- _EXERCISE DIRECTIONS_
Return the data below exactly, but only from the line containing "1pc Extra Large" through the line containing "Plaque de porte bois métal 22x9cm", with both of those lines included.

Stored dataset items
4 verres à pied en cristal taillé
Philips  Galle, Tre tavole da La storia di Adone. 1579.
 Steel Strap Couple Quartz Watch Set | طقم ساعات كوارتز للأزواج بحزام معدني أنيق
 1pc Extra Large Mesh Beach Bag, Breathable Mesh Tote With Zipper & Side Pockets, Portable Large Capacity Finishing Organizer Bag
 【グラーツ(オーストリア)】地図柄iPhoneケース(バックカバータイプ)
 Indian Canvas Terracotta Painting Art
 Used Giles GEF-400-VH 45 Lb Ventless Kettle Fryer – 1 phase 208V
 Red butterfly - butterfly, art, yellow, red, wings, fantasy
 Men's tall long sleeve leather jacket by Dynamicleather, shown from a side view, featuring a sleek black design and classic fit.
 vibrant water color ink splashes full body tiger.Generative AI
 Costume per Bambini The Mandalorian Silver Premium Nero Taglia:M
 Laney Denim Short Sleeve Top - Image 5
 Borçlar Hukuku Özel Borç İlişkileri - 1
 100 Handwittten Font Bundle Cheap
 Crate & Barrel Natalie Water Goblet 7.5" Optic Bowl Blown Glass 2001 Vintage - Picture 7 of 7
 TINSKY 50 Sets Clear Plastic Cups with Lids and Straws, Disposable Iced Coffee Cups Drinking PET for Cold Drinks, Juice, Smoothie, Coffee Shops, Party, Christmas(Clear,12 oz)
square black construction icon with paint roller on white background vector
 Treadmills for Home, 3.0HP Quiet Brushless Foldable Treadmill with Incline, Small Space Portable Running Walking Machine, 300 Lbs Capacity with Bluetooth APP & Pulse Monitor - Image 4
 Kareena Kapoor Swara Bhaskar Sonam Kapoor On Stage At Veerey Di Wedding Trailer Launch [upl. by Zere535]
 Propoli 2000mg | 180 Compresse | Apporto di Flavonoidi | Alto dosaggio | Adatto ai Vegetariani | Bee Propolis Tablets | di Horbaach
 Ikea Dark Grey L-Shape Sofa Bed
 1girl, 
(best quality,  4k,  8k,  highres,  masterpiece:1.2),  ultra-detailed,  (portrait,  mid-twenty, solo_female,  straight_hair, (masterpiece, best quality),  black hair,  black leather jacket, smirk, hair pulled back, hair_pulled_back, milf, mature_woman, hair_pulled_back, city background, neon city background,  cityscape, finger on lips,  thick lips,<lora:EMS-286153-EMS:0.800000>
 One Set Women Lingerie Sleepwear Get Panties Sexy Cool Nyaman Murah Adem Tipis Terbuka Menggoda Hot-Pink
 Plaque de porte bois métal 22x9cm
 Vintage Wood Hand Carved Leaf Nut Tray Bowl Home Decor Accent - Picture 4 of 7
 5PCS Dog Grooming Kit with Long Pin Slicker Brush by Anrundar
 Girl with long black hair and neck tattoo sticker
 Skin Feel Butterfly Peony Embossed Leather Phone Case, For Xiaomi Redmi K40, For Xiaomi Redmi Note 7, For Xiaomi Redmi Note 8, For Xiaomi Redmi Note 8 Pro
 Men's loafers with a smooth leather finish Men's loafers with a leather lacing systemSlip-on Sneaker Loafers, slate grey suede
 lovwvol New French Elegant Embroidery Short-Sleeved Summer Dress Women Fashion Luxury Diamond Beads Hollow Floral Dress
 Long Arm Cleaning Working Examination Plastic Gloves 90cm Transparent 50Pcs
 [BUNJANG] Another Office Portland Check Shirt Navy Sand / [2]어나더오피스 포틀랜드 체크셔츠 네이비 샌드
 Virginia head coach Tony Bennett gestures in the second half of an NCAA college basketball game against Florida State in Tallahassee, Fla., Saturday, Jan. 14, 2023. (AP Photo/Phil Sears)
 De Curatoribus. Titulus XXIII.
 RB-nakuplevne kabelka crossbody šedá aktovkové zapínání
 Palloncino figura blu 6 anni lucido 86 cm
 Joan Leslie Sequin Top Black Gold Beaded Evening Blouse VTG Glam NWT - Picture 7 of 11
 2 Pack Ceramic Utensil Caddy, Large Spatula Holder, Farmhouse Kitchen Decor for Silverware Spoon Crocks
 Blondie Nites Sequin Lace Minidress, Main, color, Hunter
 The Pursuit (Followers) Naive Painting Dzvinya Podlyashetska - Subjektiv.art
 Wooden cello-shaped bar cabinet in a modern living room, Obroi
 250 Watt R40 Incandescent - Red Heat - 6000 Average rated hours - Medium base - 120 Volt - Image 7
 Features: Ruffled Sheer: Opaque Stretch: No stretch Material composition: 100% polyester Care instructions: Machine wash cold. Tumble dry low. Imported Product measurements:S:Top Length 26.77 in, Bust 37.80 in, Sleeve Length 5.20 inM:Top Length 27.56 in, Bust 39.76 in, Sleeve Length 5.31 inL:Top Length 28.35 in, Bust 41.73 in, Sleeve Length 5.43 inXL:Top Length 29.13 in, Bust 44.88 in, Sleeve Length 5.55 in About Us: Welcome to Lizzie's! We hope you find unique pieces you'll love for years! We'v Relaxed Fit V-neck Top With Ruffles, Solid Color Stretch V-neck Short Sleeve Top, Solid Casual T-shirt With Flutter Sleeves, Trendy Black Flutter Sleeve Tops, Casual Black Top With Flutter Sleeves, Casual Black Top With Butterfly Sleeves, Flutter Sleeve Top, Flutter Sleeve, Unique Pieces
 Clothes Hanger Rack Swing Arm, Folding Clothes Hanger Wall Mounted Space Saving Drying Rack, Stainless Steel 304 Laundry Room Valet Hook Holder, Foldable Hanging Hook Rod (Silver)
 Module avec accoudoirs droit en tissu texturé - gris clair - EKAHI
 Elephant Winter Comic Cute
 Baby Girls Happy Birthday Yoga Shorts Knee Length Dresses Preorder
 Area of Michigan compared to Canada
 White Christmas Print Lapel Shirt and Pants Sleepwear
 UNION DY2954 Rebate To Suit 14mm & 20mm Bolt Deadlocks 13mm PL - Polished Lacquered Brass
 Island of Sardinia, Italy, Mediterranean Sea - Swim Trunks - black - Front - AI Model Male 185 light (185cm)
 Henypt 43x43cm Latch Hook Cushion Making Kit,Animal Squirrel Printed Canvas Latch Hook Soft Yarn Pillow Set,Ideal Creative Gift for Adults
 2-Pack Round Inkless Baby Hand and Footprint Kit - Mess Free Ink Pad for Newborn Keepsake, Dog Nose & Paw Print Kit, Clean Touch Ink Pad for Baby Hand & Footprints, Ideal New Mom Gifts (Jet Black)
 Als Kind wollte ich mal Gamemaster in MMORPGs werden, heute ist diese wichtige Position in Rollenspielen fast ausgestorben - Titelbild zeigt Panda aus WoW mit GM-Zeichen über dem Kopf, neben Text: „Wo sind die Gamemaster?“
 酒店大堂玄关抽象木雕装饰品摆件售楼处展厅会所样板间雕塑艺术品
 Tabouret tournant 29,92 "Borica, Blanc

- _THE COMPLETED TASK_
 1pc Extra Large Mesh Beach Bag, Breathable Mesh Tote With Zipper & Side Pockets, Portable Large Capacity Finishing Organizer Bag
 【グラーツ(オーストリア)】地図柄iPhoneケース(バックカバータイプ)
 Indian Canvas Terracotta Painting Art
 Used Giles GEF-400-VH 45 Lb Ventless Kettle Fryer – 1 phase 208V
 Red butterfly - butterfly, art, yellow, red, wings, fantasy
 Men's tall long sleeve leather jacket by Dynamicleather, shown from a side view, featuring a sleek black design and classic fit.
 vibrant water color ink splashes full body tiger.Generative AI
 Costume per Bambini The Mandalorian Silver Premium Nero Taglia:M
 Laney Denim Short Sleeve Top - Image 5
 Borçlar Hukuku Özel Borç İlişkileri - 1
 100 Handwittten Font Bundle Cheap
 Crate & Barrel Natalie Water Goblet 7.5" Optic Bowl Blown Glass 2001 Vintage - Picture 7 of 7
 TINSKY 50 Sets Clear Plastic Cups with Lids and Straws, Disposable Iced Coffee Cups Drinking PET for Cold Drinks, Juice, Smoothie, Coffee Shops, Party, Christmas(Clear,12 oz)
square black construction icon with paint roller on white background vector
 Treadmills for Home, 3.0HP Quiet Brushless Foldable Treadmill with Incline, Small Space Portable Running Walking Machine, 300 Lbs Capacity with Bluetooth APP & Pulse Monitor - Image 4
 Kareena Kapoor Swara Bhaskar Sonam Kapoor On Stage At Veerey Di Wedding Trailer Launch [upl. by Zere535]
 Propoli 2000mg | 180 Compresse | Apporto di Flavonoidi | Alto dosaggio | Adatto ai Vegetariani | Bee Propolis Tablets | di Horbaach
 Ikea Dark Grey L-Shape Sofa Bed
 1girl, 
(best quality,  4k,  8k,  highres,  masterpiece:1.2),  ultra-detailed,  (portrait,  mid-twenty, solo_female,  straight_hair, (masterpiece, best quality),  black hair,  black leather jacket, smirk, hair pulled back, hair_pulled_back, milf, mature_woman, hair_pulled_back, city background, neon city background,  cityscape, finger on lips,  thick lips,<lora:EMS-286153-EMS:0.800000>
 One Set Women Lingerie Sleepwear Get Panties Sexy Cool Nyaman Murah Adem Tipis Terbuka Menggoda Hot-Pink
 Plaque de porte bois métal 22x9cm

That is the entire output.